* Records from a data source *
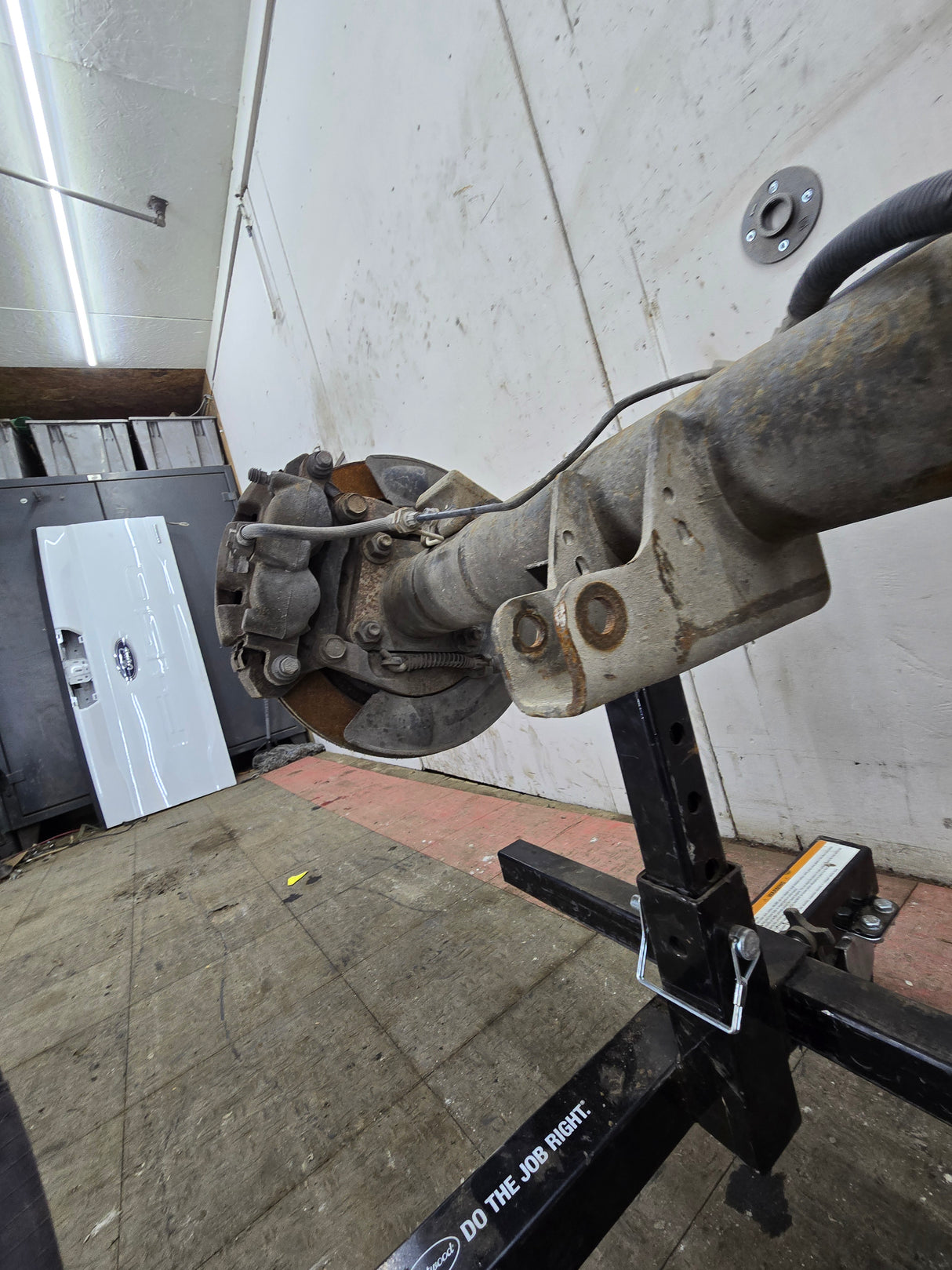 2006-2008 Dodge Ram 1500 2500 8 Lug Rear 10.5" Axle 3.73 Gear Ratio 3rd Gen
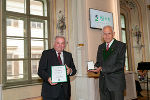 LH Hermann Schützenhöfer überreichte Rudolf Schaur für sein Engagement als internationaler Forscher das Goldene Ehrenzeichen. LH Hermann Schützenhöfer überreichte Rudolf Schaur für sein Engagement als internationaler Forscher das Goldene Ehrenzeichen.
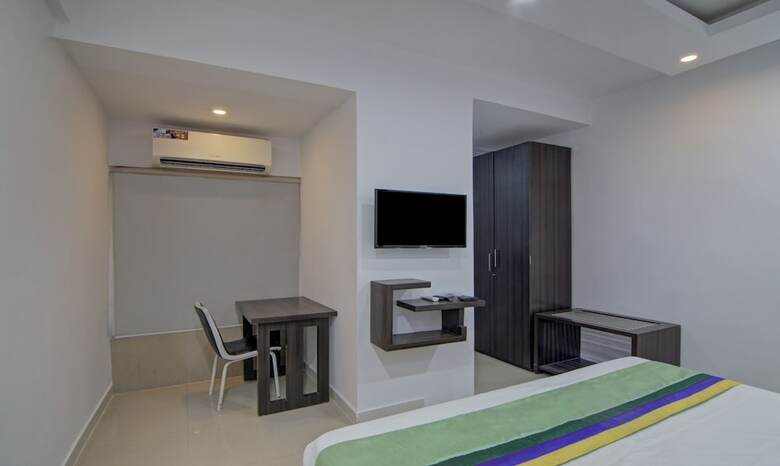 Hotel Treebo The Platinum Studio 50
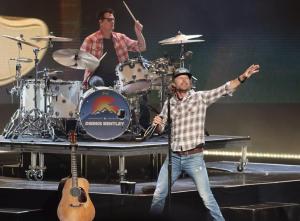 Dierks Bentley at the Xfinity Center in Mansfield, Massachusetts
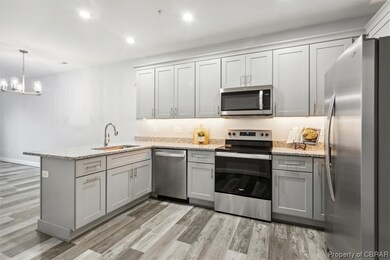 Bright Kitchen with granite counters, SS appliance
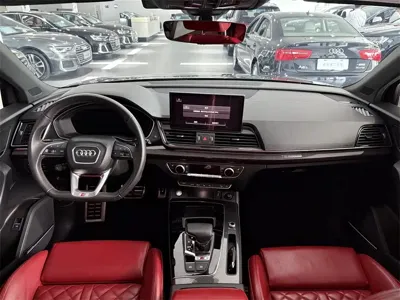 Audi SQ5 2023, 50500 км, за 243800 CNY - фото 6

* TASK OBJECTIVE *
Nothing but the lines from the line containing "Dierks Bentley at" through the end of the records belongs in the answer, written out exactly, both ends included, without pictures.

* ANSWER SECTION *
 Dierks Bentley at the Xfinity Center in Mansfield, Massachusetts
 Bright Kitchen with granite counters, SS appliance
 Audi SQ5 2023, 50500 км, за 243800 CNY - фото 6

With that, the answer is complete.